**TO DO**
When you reach the line with "So the first" in the listing below, write out that line and every one after it exactly, and skip the pictures.

**GIVEN MATERIAL**
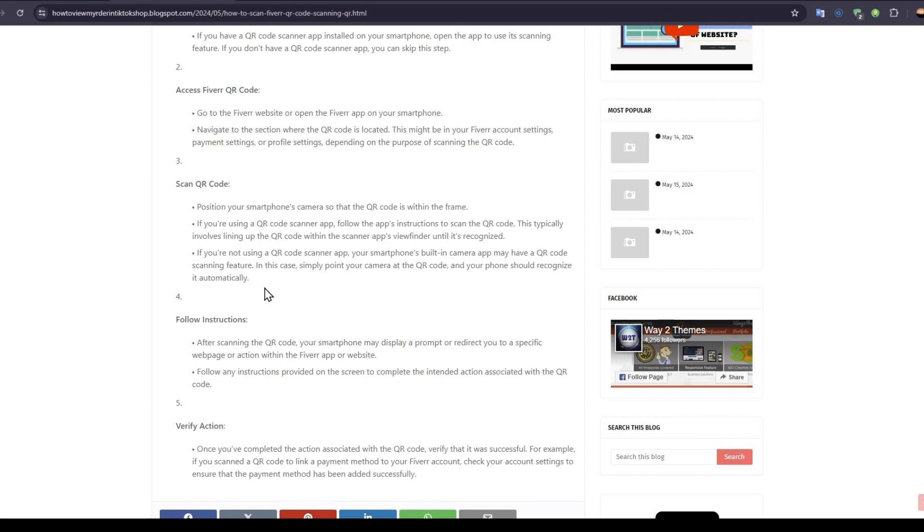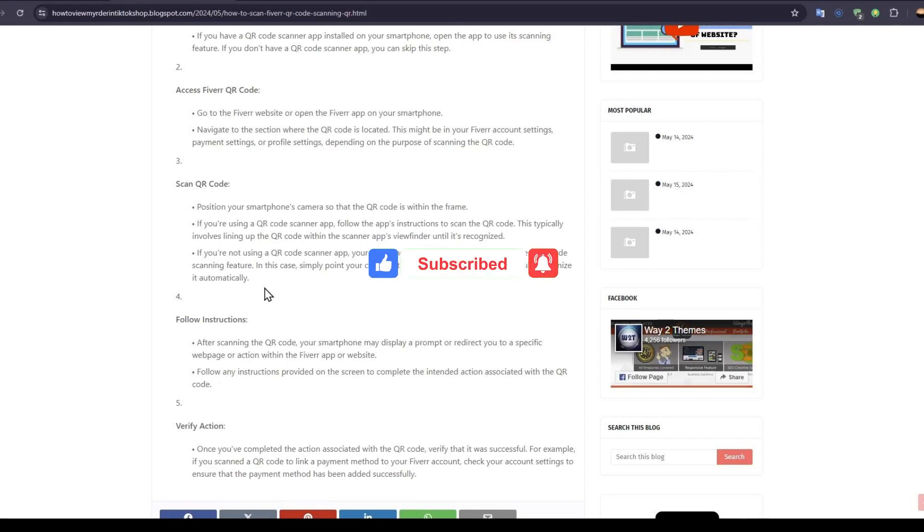And there you go. If you found this video helpful, make sure to leave a like and subscribe to our channel. I'll see you all in the next one, goodbye.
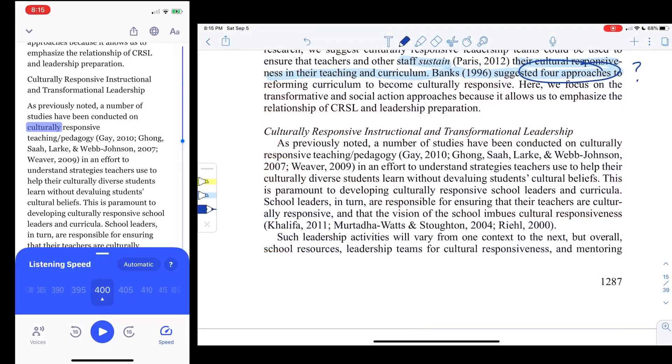Check out this video where I talk about Speechify and Notability and how I use them together to take notes. How do I listen to long journal articles using Speechify and annotate them using Notability?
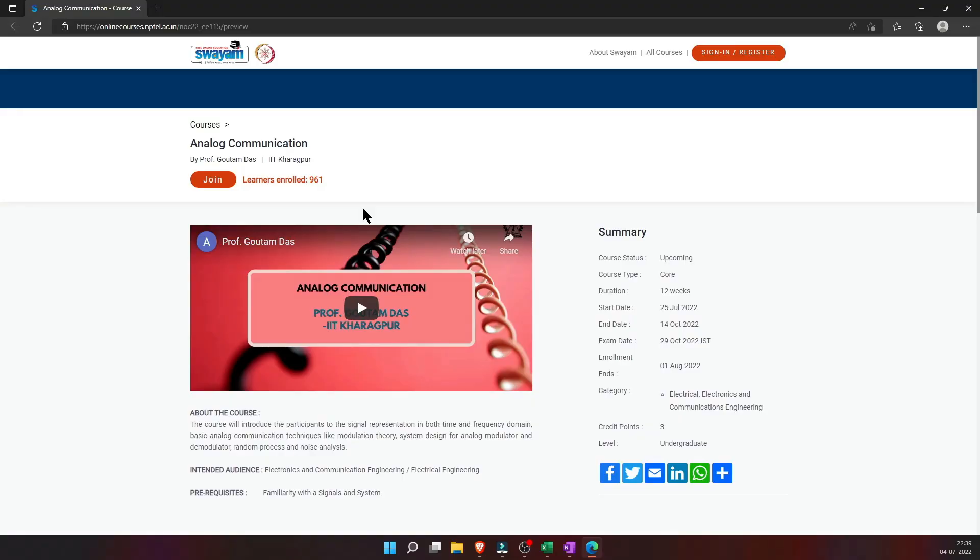So the first two courses are for BTech level and they would be guiding you for your GATE preparation also. The first one is Analog Communication, organized by IIT Kharagpur. So if you are in your BTech and you have already done your Signals and Systems, you can take up this course.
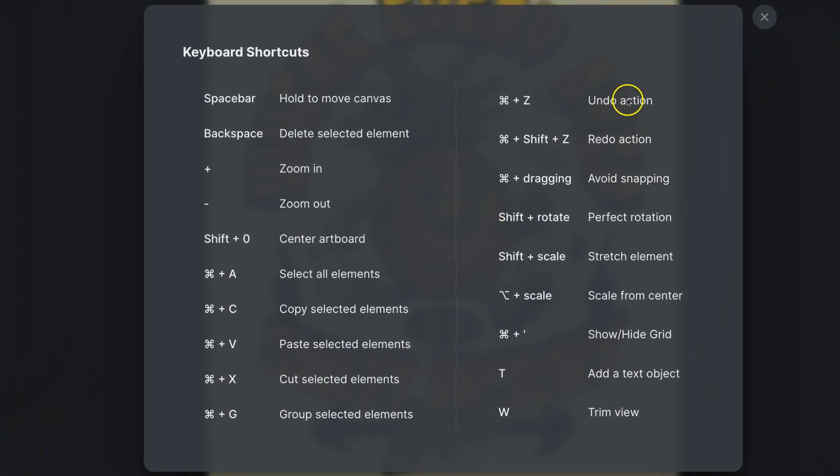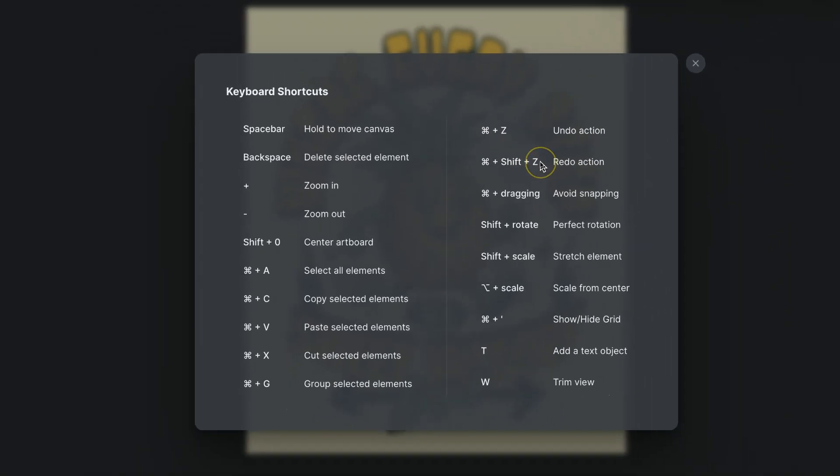So to undo an action is Command and Z and to redo an action is Command, Shift and Z.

**EXERCISE RESPONSE**
So the first two courses are for BTech level and they would be guiding you for your GATE preparation also. The first one is Analog Communication, organized by IIT Kharagpur. So if you are in your BTech and you have already done your Signals and Systems, you can take up this course.
So to undo an action is Command and Z and to redo an action is Command, Shift and Z.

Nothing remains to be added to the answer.